Several single-purpose apps One all-in-one app
Setup Pick the "best" tool per job One account, one login
Cost Adds up — 5–6 subscriptions Usually one subscription
Data Lives in silos; you copy between them Connected — time flows into invoices
Best for Teams with one dominant need + budget Small teams who want everything in context

Single-purpose tools can be more powerful in their one area. The trade-off is that nothing talks to anything else — your tracked hours don't know they should become an invoice, and your projects don't know their budget.

The hidden cost of juggling five apps

The subscriptions are the obvious cost. The bigger one is quieter: the time and money lost between the tools.

A typical week: you track hours in one app, copy them into an invoice in another, log the expense in a spreadsheet, and update the client in a fourth. Every hop is a chance to forget something — and forgotten hours are unbilled hours. For a one-person business with no finance team to catch the gaps, that leak is pure lost income.

How to choose apps for your business

A short checklist for a small team:

  1. Start from the six jobs, not the feature lists. What do you actually need covered?
  2. Count the real cost — add up every subscription, then ask what one connected tool would cost instead.
  3. Follow the data — does your time become an invoice automatically, or do you retype it?
  4. Match the size — enterprise tools are overkill (and overpriced) for a small team; pick tools built for your scale.
  5. Will you use 80% of it? Pay for what you'll open daily, not a feature you'll touch once.

Running your whole business from one app

If your six jobs are all about selling and delivering time, the category built for exactly that is professional services automation (PSA) — one workspace for time, projects, invoicing, finances, and clients.

Heyweek is all-in-one professional services automation software that lets freelancers and small teams run their entire business — time, projects, clients, invoicing, and finances — from one connected workspace. Instead of six subscriptions and a spreadsheet, tracked time becomes invoices, projects carry their own budget, and client history sits in one place. It's the all-in-one option for small businesses that would rather run the work than run the tooling.

Frequently asked questions

What apps do I need to run a small business? At a minimum: time tracking, projects and tasks, invoicing, a view of your finances, client records, and team communication. A service business can cover all six with either several single-purpose apps or one all-in-one tool.

Is it better to use one all-in-one app or several? Several single-purpose apps can be more powerful in their one area, but nothing connects. One all-in-one app links your data — time becomes invoices, projects carry budgets — which usually saves a small team more time and money than the extra power of separate tools.

What is a business management app? A business management app brings the core operations of running a business — time, projects, invoicing, finances, and clients — into one place, so you manage the whole business from a single tool instead of juggling several.

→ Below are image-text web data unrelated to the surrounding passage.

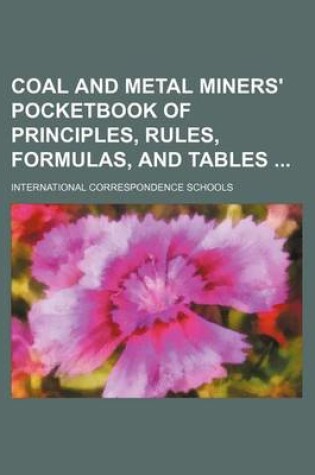 Cover of Coal and Metal Miners' Pocketbook of Principles, Rules, Formulas, and Tables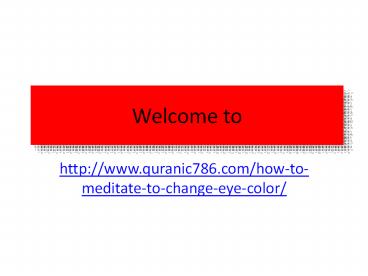 How To Meditate To Change Eye Color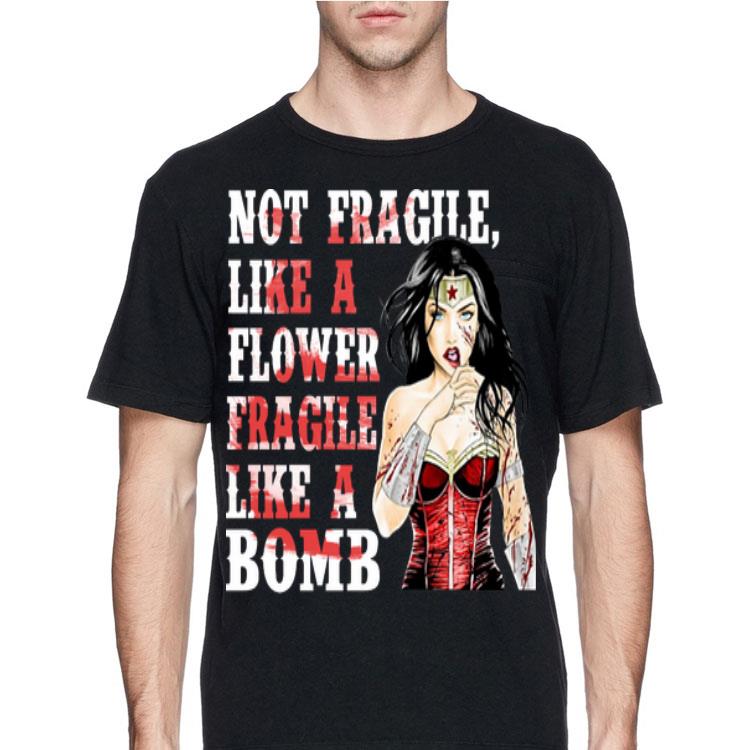 Wonder woman not fragile like flower fragile like a bomb shirt 8 Wonder woman not fragile like flower fragile like a bomb shirt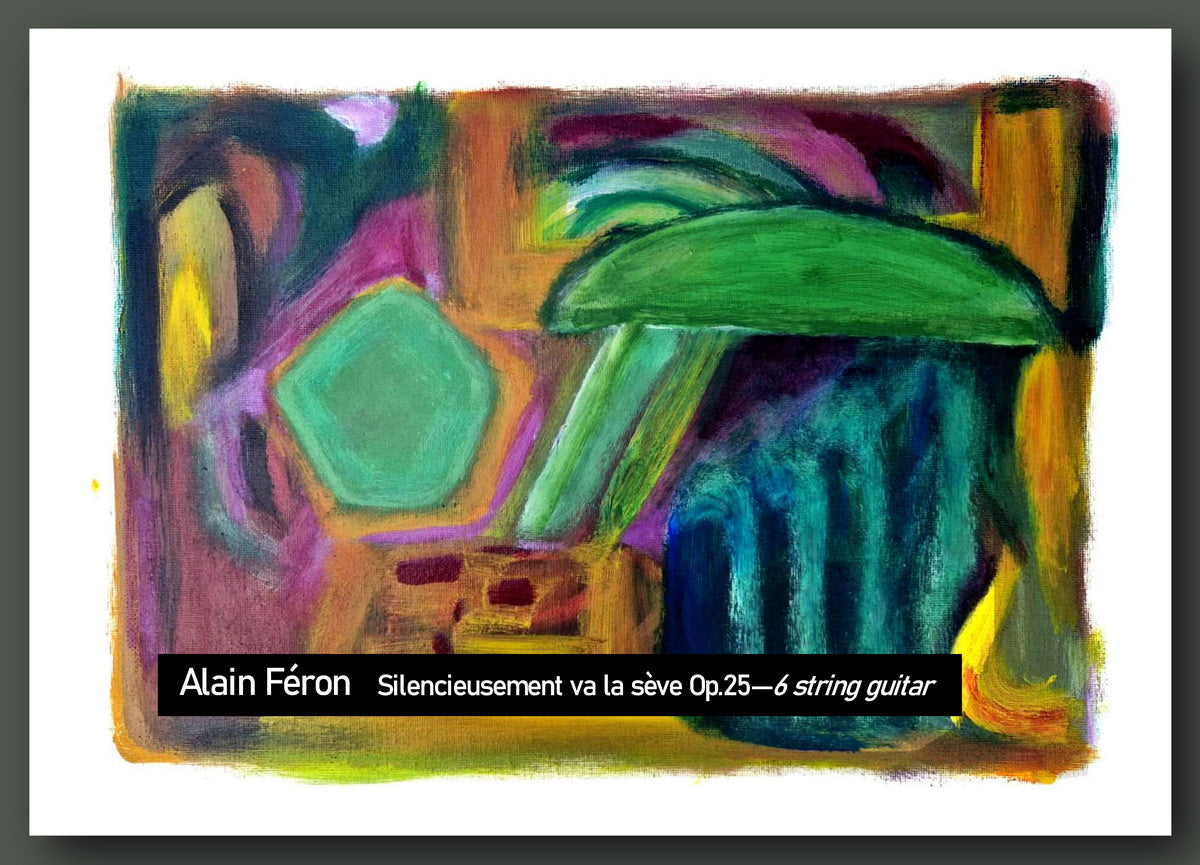 Alain Féron, Silencieusement va la sève, Opus 25 - preview of the cover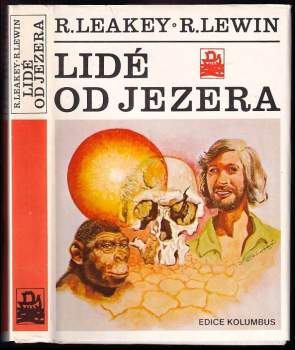 Lidé od jezera : člověk, jeho počátky, jeho povaha a budoucnost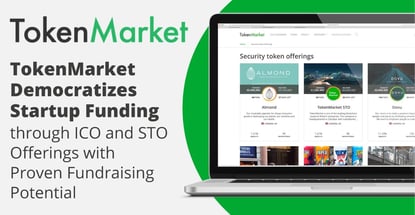TokenMarket Democratizes Startup Funding through ICO and STO Offerings with Proven Fundraising Potential TokenMarket Democratizes Startup Funding through ICO and STO Offerings with Proven Fundraising Potential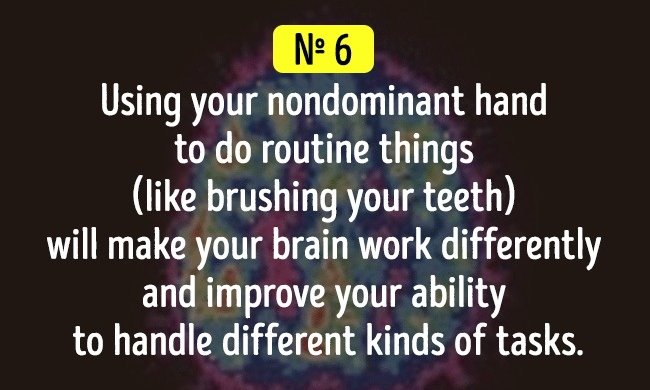 Dùng tay không thuận để làm các công việc hằng ngày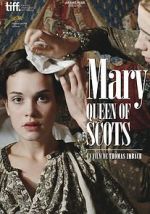 Watch Mary Queen of Scots 9Movies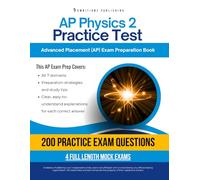 AP Physics 2 Practice Test: A Practical Test Prep Workbook with 200 Multiple-Choice Questions, 4 Mock Exams, and Clear Answer Explanations to Help You Pass on Your First Try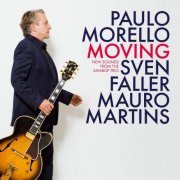 Paulo Morello, Mauro Martins & Sven Faller - Moving (2025) [Hi-Res]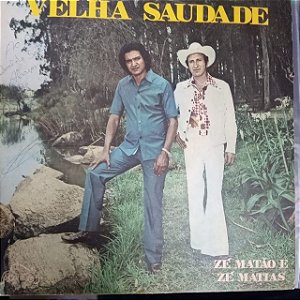 Disco de Vinil Zé Matão e Zé Matias - Velha Saudade Interprete Zé Matão e Zé Matias (1978) [usado]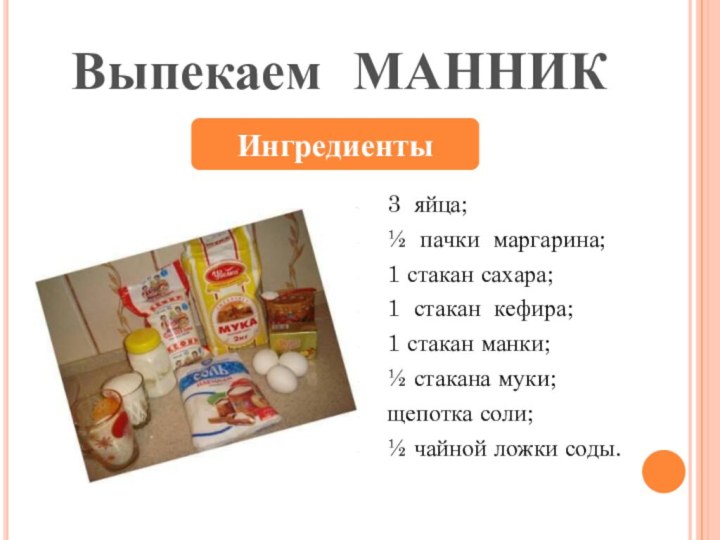 3 яйца;½ пачки маргарина;1 стакан сахара;1 стакан кефира;1 стакан манки;½ стакана муки;щепотка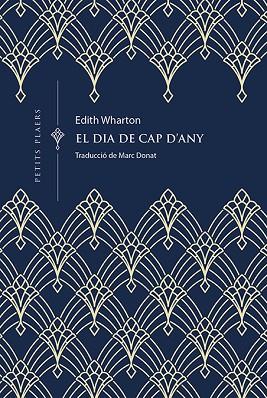 DIA DE CAP D'ANY, EL | 9788419474667 | WHARTON, EDITH | Llibreria Drac - Llibreria d'Olot | Comprar llibres en català i castellà online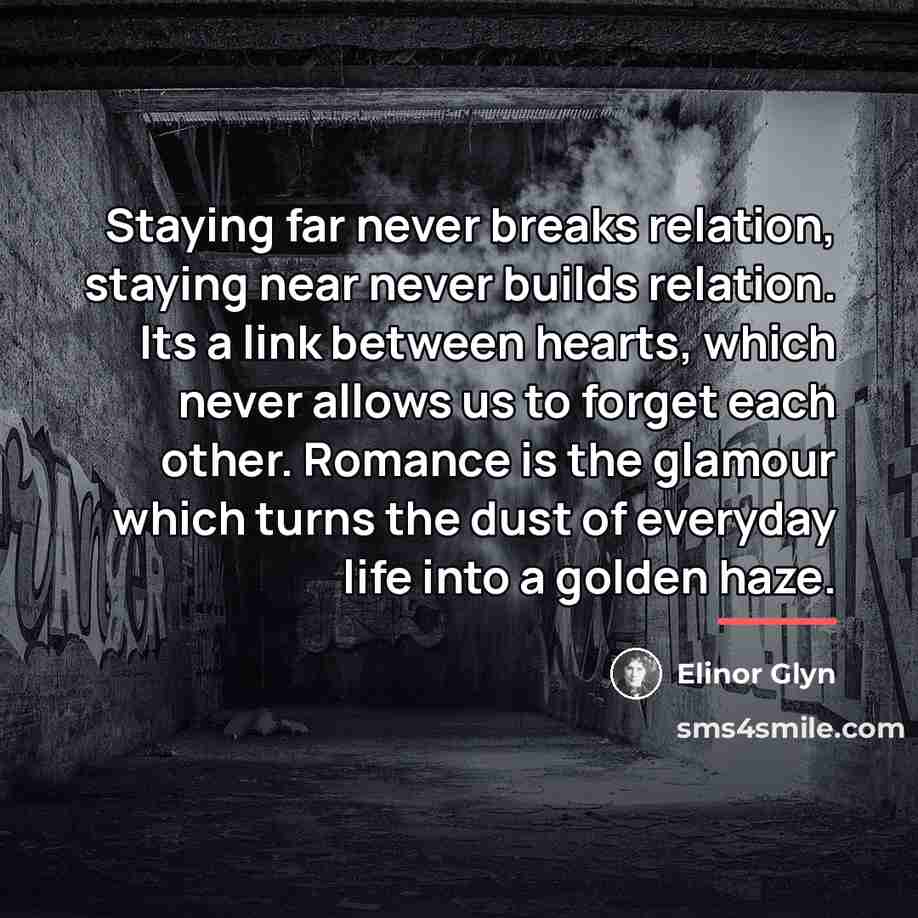 “Staying far never breaks relation, staying near never builds relation.…” quote by Elinor Glyn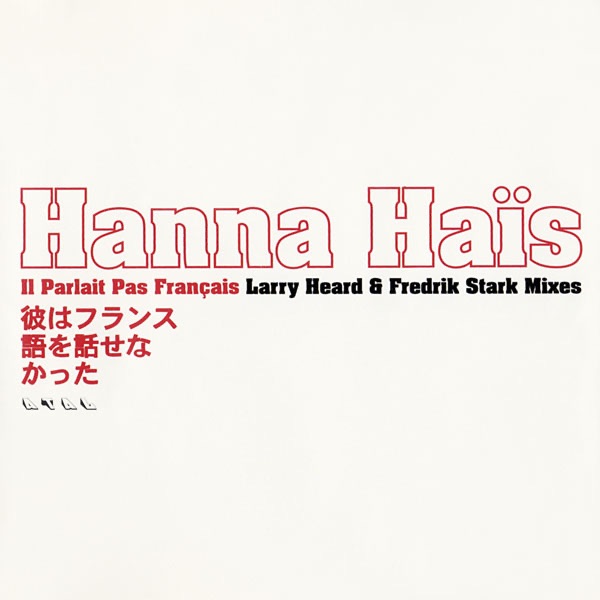 Il Parlait Pas Francais (Incl. Larry Heard & Fredrik Stark Mixes)
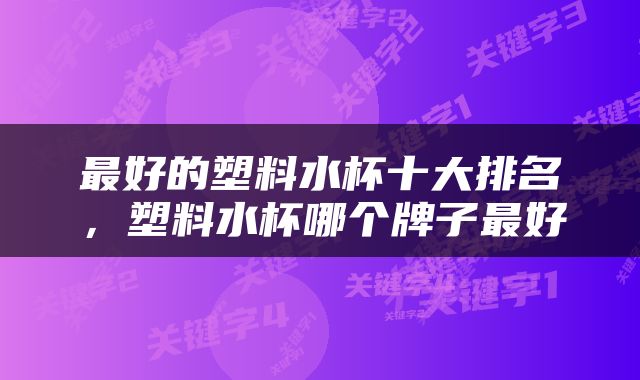 最好的塑料水杯十大排名，塑料水杯哪个牌子最好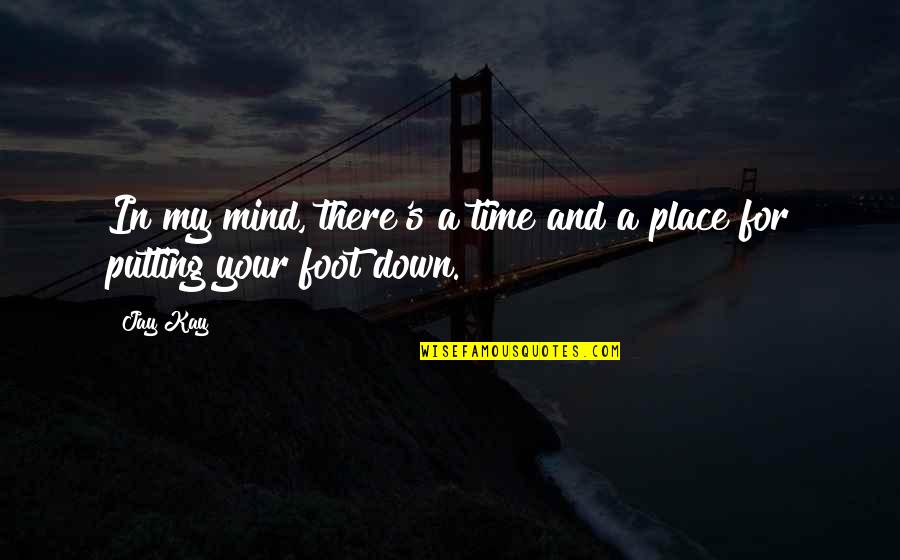 Putting My Foot Down Quotes By Jay Kay: In my mind, there's a time and a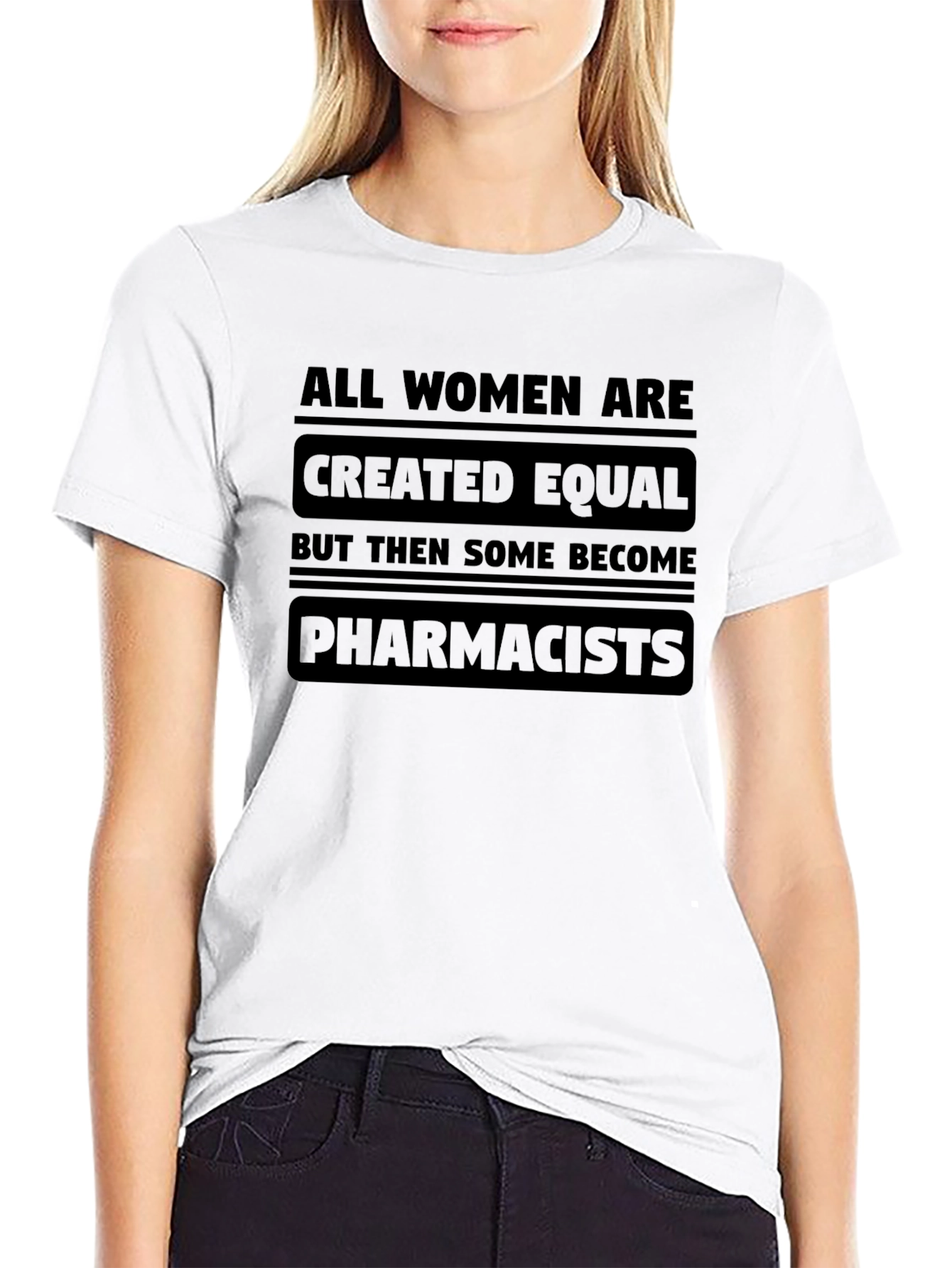 All Women Are Created Equal - Pharmacist T-Shirt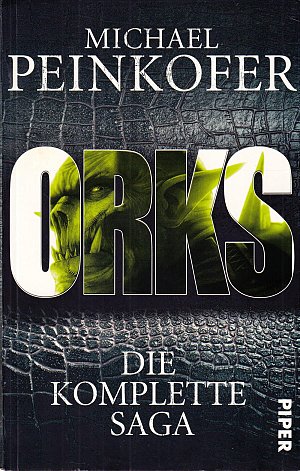 Orks - Die komplette Saga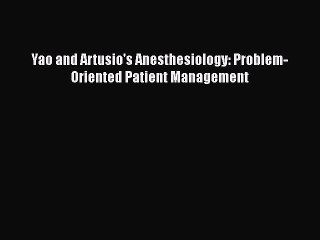 Read Yao and Artusio's Anesthesiology: Problem-Oriented Patient Management Ebook Free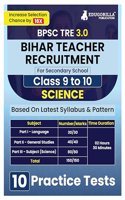 Bihar Secondary School Teacher Science Book 2024 (English Edition) | BPSC TRE 3.0 For Class 9-10 | 10 Practice Tests with Free Access to Online Tests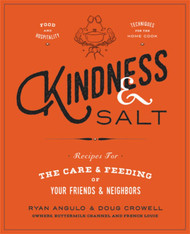 Kindness & Salt: Recipes for the Care and Feeding of Your Friends and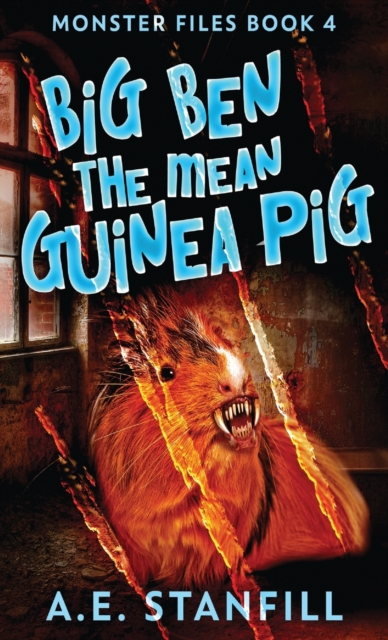 Big Ben The Mean Guinea Pig, Hardback Book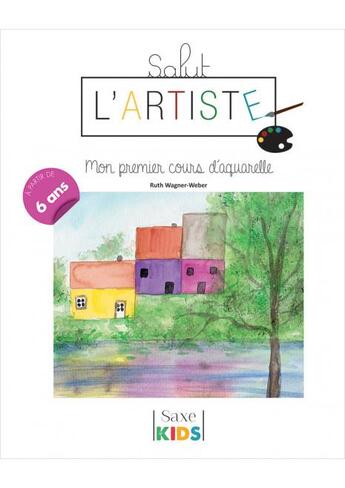 Couverture du livre « Salut l'artiste ; mon premier cours d'aquarelle » de Ruth Wagner-Weber aux éditions De Saxe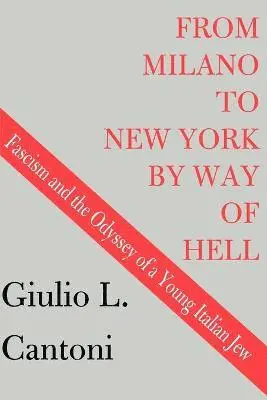 From Milano to New York by Way of Hell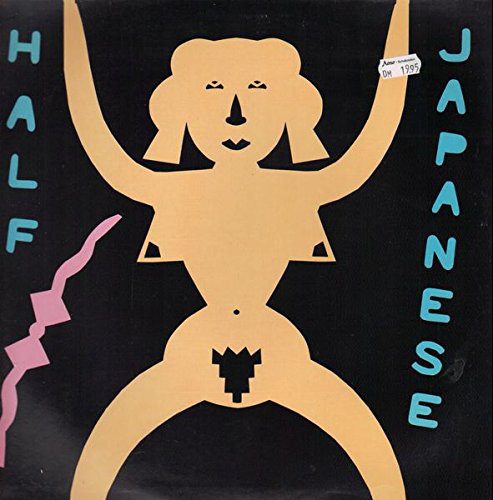 Half Japanese - Music To Strip By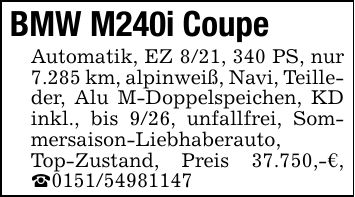 BMW M240i CoupeAutomatik, EZ 8/21, 340 PS, nur 7.285 km, alpinweiß, Navi, Teilleder, Alu M-Doppelspeichen, KD inkl., bis 9/26, unfallfrei, Sommersaison-Liebhaberauto, Top-Zustand, Preis 37.750,-€, _***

What's the best app to organise a small business? The best one covers the six core jobs, sets up quickly, is priced for your size, and connects your data so you're not copying numbers between tools. For businesses that sell time, that's usually an all-in-one PSA tool.

How much do small business apps cost? Single tools often run $10–30 per user per month each, so a stack of five or six adds up fast. One all-in-one app is usually a single subscription in a similar per-user range, which is why consolidating often lowers the total bill.